Directions for this task
What appears from the first line of the data below through the line containing "Paraphrasing and translation", both included, should be copied exactly, and nothing else.

Data excerpts
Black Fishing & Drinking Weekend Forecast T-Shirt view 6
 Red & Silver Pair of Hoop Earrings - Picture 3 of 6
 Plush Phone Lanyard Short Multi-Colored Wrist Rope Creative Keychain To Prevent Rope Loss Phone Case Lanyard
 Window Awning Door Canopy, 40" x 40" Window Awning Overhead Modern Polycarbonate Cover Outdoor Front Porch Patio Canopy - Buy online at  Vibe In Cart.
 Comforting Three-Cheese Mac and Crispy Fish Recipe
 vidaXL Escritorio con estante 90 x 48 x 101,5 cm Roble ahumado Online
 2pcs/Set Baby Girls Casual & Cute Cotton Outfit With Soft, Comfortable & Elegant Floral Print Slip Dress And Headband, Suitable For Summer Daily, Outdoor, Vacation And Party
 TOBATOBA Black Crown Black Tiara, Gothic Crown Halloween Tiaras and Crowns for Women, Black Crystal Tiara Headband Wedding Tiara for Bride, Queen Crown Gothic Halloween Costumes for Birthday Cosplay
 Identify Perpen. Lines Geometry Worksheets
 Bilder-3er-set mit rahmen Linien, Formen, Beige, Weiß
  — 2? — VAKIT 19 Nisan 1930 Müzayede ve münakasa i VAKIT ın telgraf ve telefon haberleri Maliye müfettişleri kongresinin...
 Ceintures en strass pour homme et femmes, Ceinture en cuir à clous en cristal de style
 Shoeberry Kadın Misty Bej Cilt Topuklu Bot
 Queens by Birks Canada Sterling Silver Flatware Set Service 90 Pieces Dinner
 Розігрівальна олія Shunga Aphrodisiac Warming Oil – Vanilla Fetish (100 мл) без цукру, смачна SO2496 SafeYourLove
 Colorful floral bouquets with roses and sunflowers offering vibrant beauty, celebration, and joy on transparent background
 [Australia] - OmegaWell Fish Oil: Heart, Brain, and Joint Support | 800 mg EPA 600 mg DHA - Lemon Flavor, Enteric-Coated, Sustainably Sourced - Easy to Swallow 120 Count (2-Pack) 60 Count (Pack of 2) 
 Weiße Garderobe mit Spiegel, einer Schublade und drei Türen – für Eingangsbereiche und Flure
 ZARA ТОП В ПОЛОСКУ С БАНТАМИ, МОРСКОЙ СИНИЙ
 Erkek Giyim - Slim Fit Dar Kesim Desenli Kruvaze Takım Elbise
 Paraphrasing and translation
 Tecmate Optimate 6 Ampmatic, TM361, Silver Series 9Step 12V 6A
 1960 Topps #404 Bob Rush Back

Solution to this problem
Black Fishing & Drinking Weekend Forecast T-Shirt view 6
 Red & Silver Pair of Hoop Earrings - Picture 3 of 6
 Plush Phone Lanyard Short Multi-Colored Wrist Rope Creative Keychain To Prevent Rope Loss Phone Case Lanyard
 Window Awning Door Canopy, 40" x 40" Window Awning Overhead Modern Polycarbonate Cover Outdoor Front Porch Patio Canopy - Buy online at  Vibe In Cart.
 Comforting Three-Cheese Mac and Crispy Fish Recipe
 vidaXL Escritorio con estante 90 x 48 x 101,5 cm Roble ahumado Online
 2pcs/Set Baby Girls Casual & Cute Cotton Outfit With Soft, Comfortable & Elegant Floral Print Slip Dress And Headband, Suitable For Summer Daily, Outdoor, Vacation And Party
 TOBATOBA Black Crown Black Tiara, Gothic Crown Halloween Tiaras and Crowns for Women, Black Crystal Tiara Headband Wedding Tiara for Bride, Queen Crown Gothic Halloween Costumes for Birthday Cosplay
 Identify Perpen. Lines Geometry Worksheets
 Bilder-3er-set mit rahmen Linien, Formen, Beige, Weiß
  — 2? — VAKIT 19 Nisan 1930 Müzayede ve münakasa i VAKIT ın telgraf ve telefon haberleri Maliye müfettişleri kongresinin...
 Ceintures en strass pour homme et femmes, Ceinture en cuir à clous en cristal de style
 Shoeberry Kadın Misty Bej Cilt Topuklu Bot
 Queens by Birks Canada Sterling Silver Flatware Set Service 90 Pieces Dinner
 Розігрівальна олія Shunga Aphrodisiac Warming Oil – Vanilla Fetish (100 мл) без цукру, смачна SO2496 SafeYourLove
 Colorful floral bouquets with roses and sunflowers offering vibrant beauty, celebration, and joy on transparent background
 [Australia] - OmegaWell Fish Oil: Heart, Brain, and Joint Support | 800 mg EPA 600 mg DHA - Lemon Flavor, Enteric-Coated, Sustainably Sourced - Easy to Swallow 120 Count (2-Pack) 60 Count (Pack of 2) 
 Weiße Garderobe mit Spiegel, einer Schublade und drei Türen – für Eingangsbereiche und Flure
 ZARA ТОП В ПОЛОСКУ С БАНТАМИ, МОРСКОЙ СИНИЙ
 Erkek Giyim - Slim Fit Dar Kesim Desenli Kruvaze Takım Elbise
 Paraphrasing and translation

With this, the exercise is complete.